**DATA EXTRACT:**

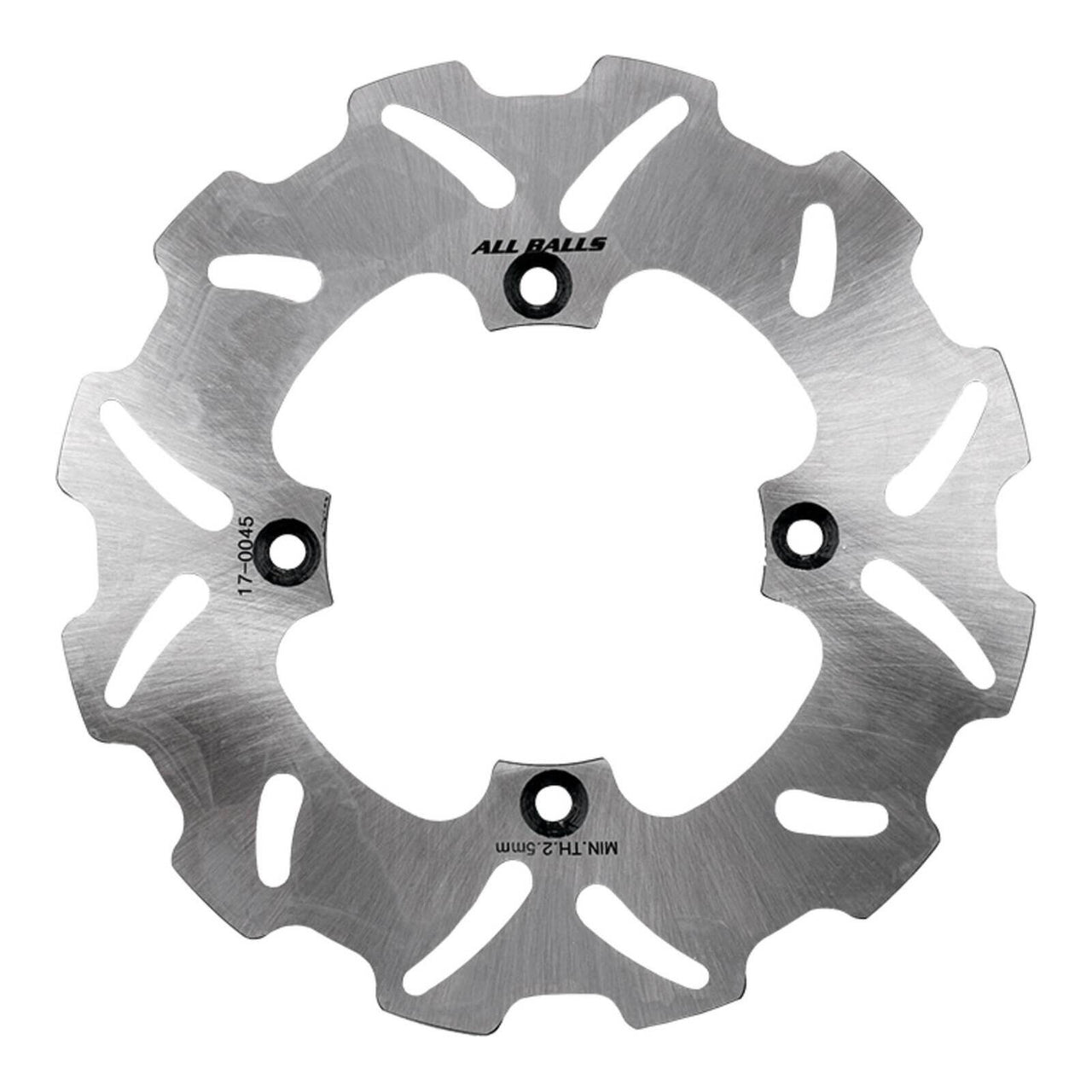 Brake Disc 18-0045
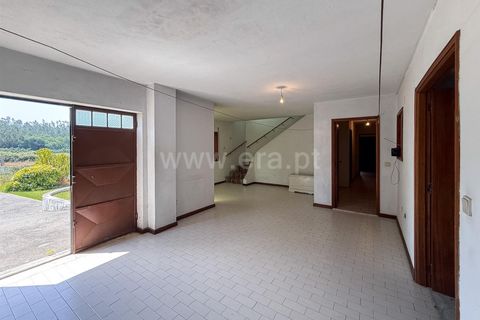 Villa i Trofa, Porto, Trofa - € 527 000 | Ref: 352260077 - foto 15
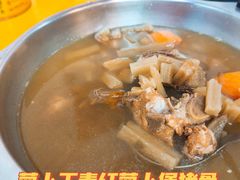 -甜甜屋(解放中路店)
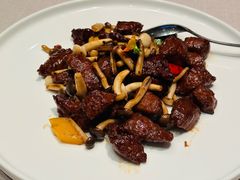 -漢舍中国菜馆(889广场店)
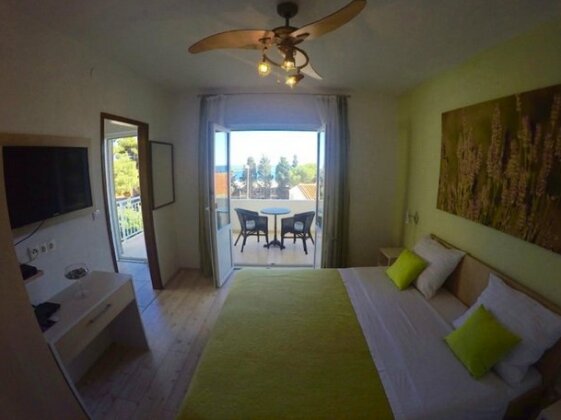Vila Lacman Hvar - Photo2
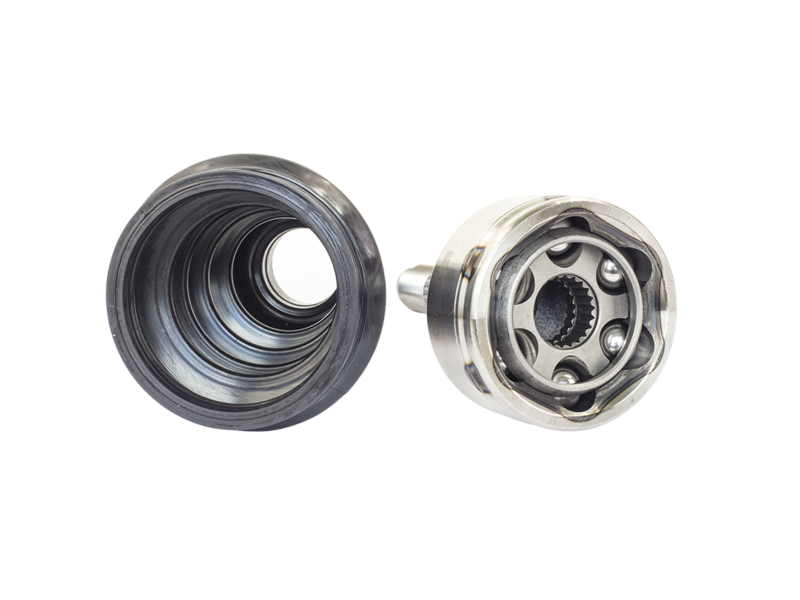 Junta Homocinética Peugeot 207 1.4 8V | 1.6 16V 2009 até 2015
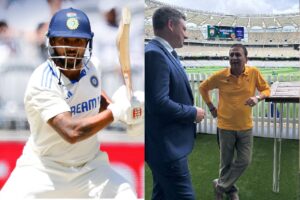 Sunil Gavaskar QUESTIONS Gautam Gambhir, Jasprit Bumrah For Playing Nitish Kumar Reddy Instead Of Ashwin, Jadeja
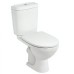 Унитаз Kolo Primo (K8904200U) с сиденьем Soft Close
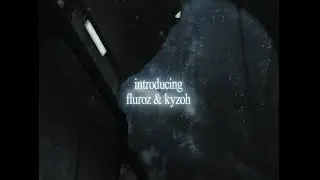 INTRODUCING FLUROZ X KYZOH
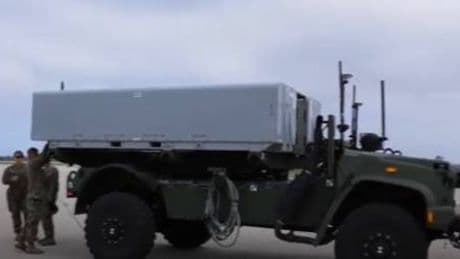 Missili NMESIS a due passi dalla Cina: cosa rivela la mossa militare choc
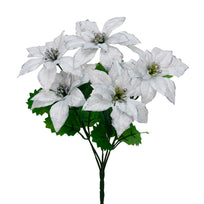 Art.6448 Ramo Nochebuenas X5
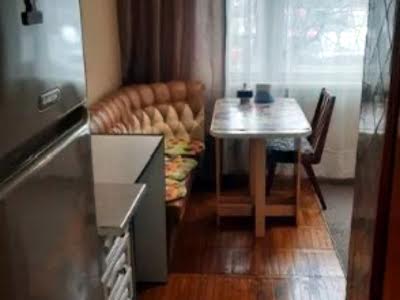квартира за адресою Академіка Заболотного вул., 102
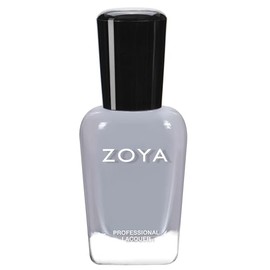 ZOYA Esmalte de uñas, agosto, 0.5 onzas líquidas                                                                                                      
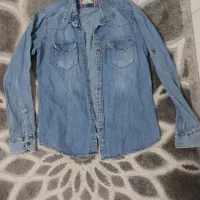 پیراهن مردانه لی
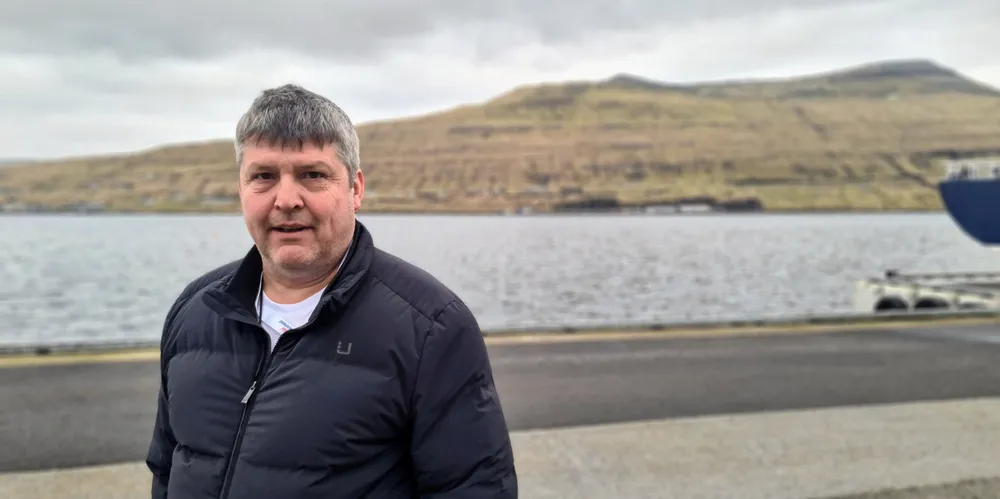 Stortingsrepresentant Bengt Rune Strifeldt (Frp) kan ende opp med en dobbeltrolle.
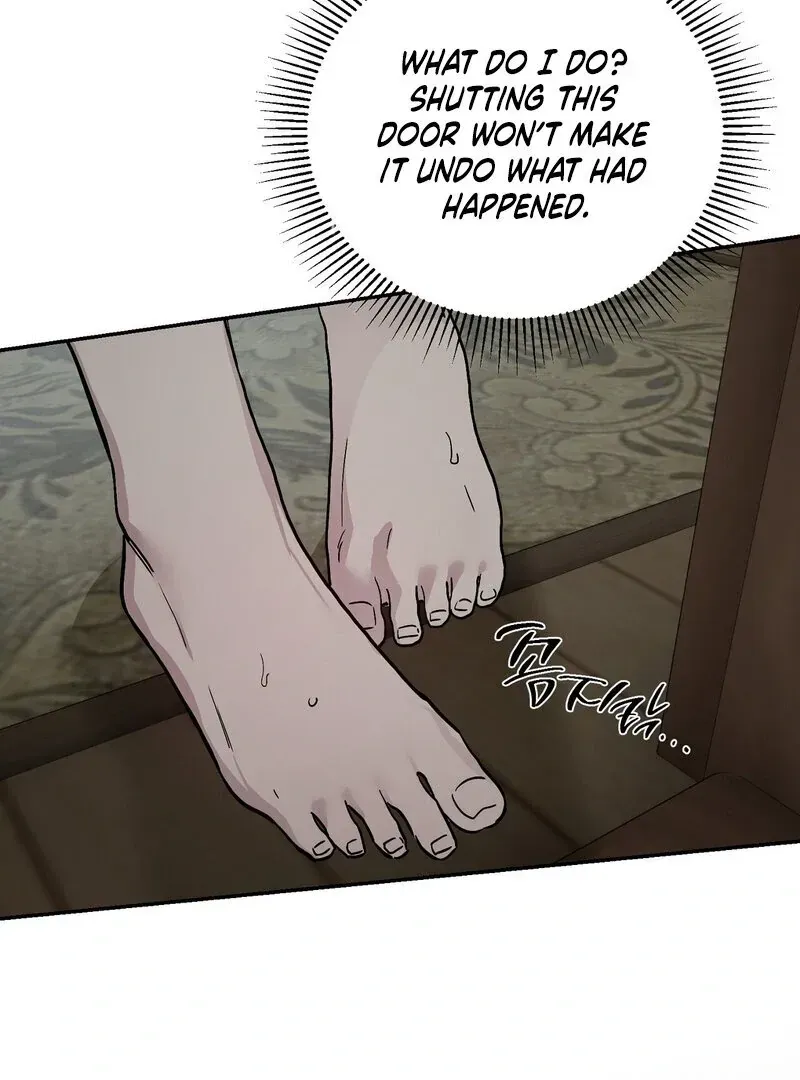 Orchard of Temptation Chapter 2 page 9 -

**WHAT IS EXPECTED:** Leaving the pictures out, transcribe word for word the lines from the one with "-甜甜屋(解放中路店)" to the end of the material above, inclusive, and nothing else.

**YOUR RESPONSE:**
 -甜甜屋(解放中路店)
 -漢舍中国菜馆(889广场店)
Vila Lacman Hvar - Photo2
 Junta Homocinética Peugeot 207 1.4 8V | 1.6 16V 2009 até 2015
 Sunil Gavaskar QUESTIONS Gautam Gambhir, Jasprit Bumrah For Playing Nitish Kumar Reddy Instead Of Ashwin, Jadeja
 Унитаз Kolo Primo (K8904200U) с сиденьем Soft Close
 INTRODUCING FLUROZ X KYZOH
 Missili NMESIS a due passi dalla Cina: cosa rivela la mossa militare choc
 Art.6448 Ramo Nochebuenas X5
квартира за адресою Академіка Заболотного вул., 102
 ZOYA Esmalte de uñas, agosto, 0.5 onzas líquidas                                                                                                      
 پیراهن مردانه لی
 Stortingsrepresentant Bengt Rune Strifeldt (Frp) kan ende opp med en dobbeltrolle.
 Orchard of Temptation Chapter 2 page 9 -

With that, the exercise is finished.